Key words: extractive distillation; 1,3-dimethylimidazolium dimethylphosphate; azeotrope; methyl acetate; methanol

1 Introduction

Methyl acetate and methanol are widely used as organic chemical raw materials and solvents. The boiling point of methyl acetate and methanol is 330.15 K and 337.75 K, respectively. The mixture of methyl acetate and methanol, which consists of 66% of methyl acetate and 34% of methanol by molar fraction[1-4], is a typical azeotrope with an azeotropic temperature of 326.69 K. In the production of polyvinyl alcohol (PVA), a large amount of methyl acetate and methanol remains in the waste liquid[5-6]. The traditional distillation technology cannot separate the azeotrope effectively. Currently some special distillation methods, such as the pressureswing distillation, the reactive distillation, the azeotropic distillation, the salt distillation, and the extractive distillation are applied[7-11].

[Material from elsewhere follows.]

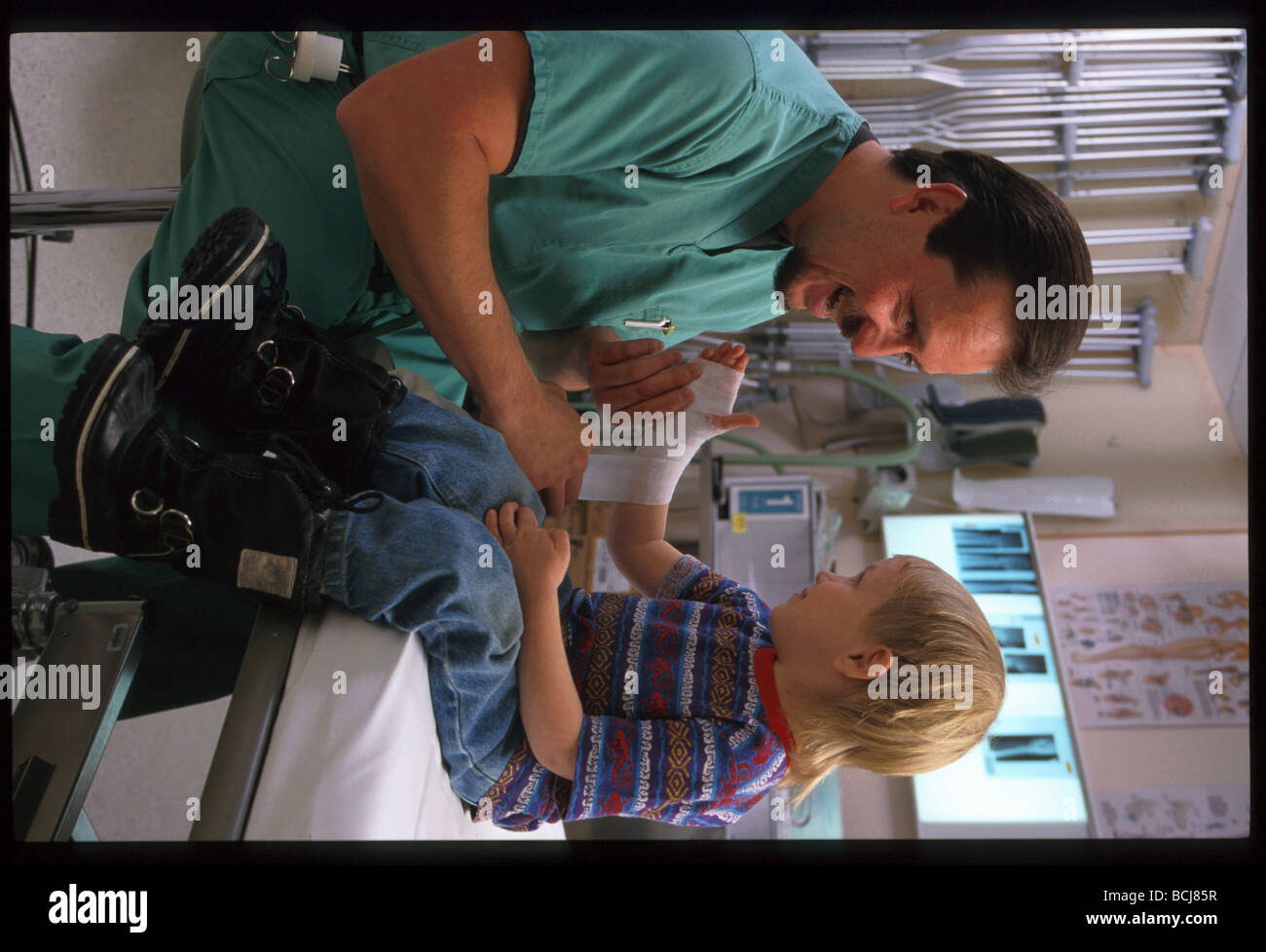 Doctor Bandaging Injured Boy AK Regional Hospital SC AK Stock Photo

Zhang, et al.[12]used the pressure-swing distillation to separate methyl acetate and methanol. The high pressure and low pressure were set at 1.1 MPa and 0.1 MPa, respectively. The mole fraction of the product obtained thereby was more than 99.5%. Recently, the ionic liquids (ILs) have been proposed to be used as solvents for extractive distillation[13]. ILs are excellent organic solvents featuring a wide range of liquid-phase temperature, high thermal stability, almost zero saturated vapor pressure, low viscosity, and intensified process ability[14-18]. Taking methanoldimethyl carbonate (DMC) azeotrope as an example, Li, et al.[19]studied the interaction mechanism of ILs as solvents through the DFT calculations and found that the interaction between the ILs and methanol was much stronger than that between the methanol and DMC, i.e. ILs could effectively break the initial stable structure formed by the azeotrope. Therefore, ILs are very suitable for being used as solvents in extractive distillation[20].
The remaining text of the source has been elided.